If you’re a sales leader, you’ve probably stared at a dozen dashboards that told you nothing useful. Or worse—spent hours trying to wrestle canned reports into something that matches how your team actually works. This guide is for people who need dashboards that show what’s really happening in sales, not just what’s easy to graph. We’ll focus on building custom reporting dashboards in Kuration, and cut through the fluff so you don’t waste time.
Why bother with custom dashboards?
Let’s be honest: out-of-the-box dashboards rarely cut it. They’re either too generic or too busy, designed to impress at a product demo but not to help you hit your number. Custom dashboards let you:
- Track KPIs that matter to your team
- Spot issues before they become fires
- Avoid the “Excel Frankenstein” approach to reporting
But don’t go overboard—more charts don’t mean better decisions. The goal is to see what matters, fast.
Step 1: Get clear on what you actually need
Before clicking anything in Kuration, spend 10 minutes figuring out what you need to see. Here’s what not to do: dump every metric you can think of onto a dashboard. Instead:
- List the top 3–5 questions you need answered daily or weekly (e.g., “Are we on track for the quarter?”, “Where are deals stalling?”)
- Write down the key metrics tied to those questions (pipeline coverage, conversion rate, average deal size, etc.)

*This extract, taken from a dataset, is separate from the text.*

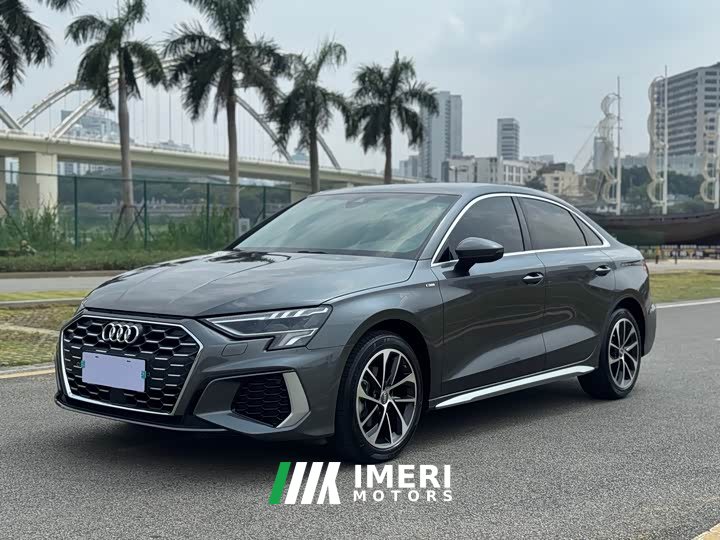 Audi A3 A3L Limousine 35 TFSI aggressive and sporty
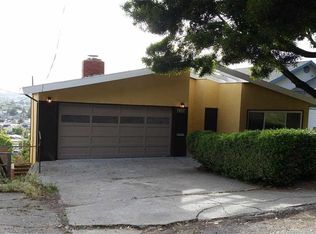 9127 Burr St, Oakland, CA 94605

- Decide who the dashboard is for—yourself, the exec team, or reps? Each group needs different info.
Pro tip: If you can’t act on a metric, don’t add it.
Step 2: Map your data sources
Kuration pulls data from CRMs, spreadsheets, and sometimes other sales tools. Here’s what to check before building:
- CRM connection: Make sure your CRM (Salesforce, HubSpot, etc.) is hooked up and syncing correctly. If you see stale or missing data, fix this first.
- Other sources: Got extra data in Google Sheets or elsewhere? Import it or connect it using Kuration’s integrations.
- Data quality: Garbage in, garbage out. If your pipeline fields are a mess or reps aren’t updating stages, clean that up now, or your dashboard will just reflect chaos.
Don’t skip this step. Fancy dashboards on bad data are just expensive wallpaper.
Step 3: Create your dashboard
Now, into Kuration:
- Go to the Dashboards section. Usually, there’s a “New Dashboard” or “Create Dashboard” button—click it.
- Name your dashboard. Use something specific, like “Q3 Sales Pipeline – North America,” not “Dashboard #7.”
- Set permissions. Decide who can view or edit the dashboard. Don’t give edit access to everyone—trust me, you’ll regret it.
What works:
- Making separate dashboards for different audiences (e.g., execs get summary metrics, managers get pipeline detail).
- Keeping dashboards focused (5–7 widgets max).
What doesn’t:
- One monster dashboard for everyone. It’ll be ignored.
- “Just in case” metrics. If you’re not using them now, leave them out.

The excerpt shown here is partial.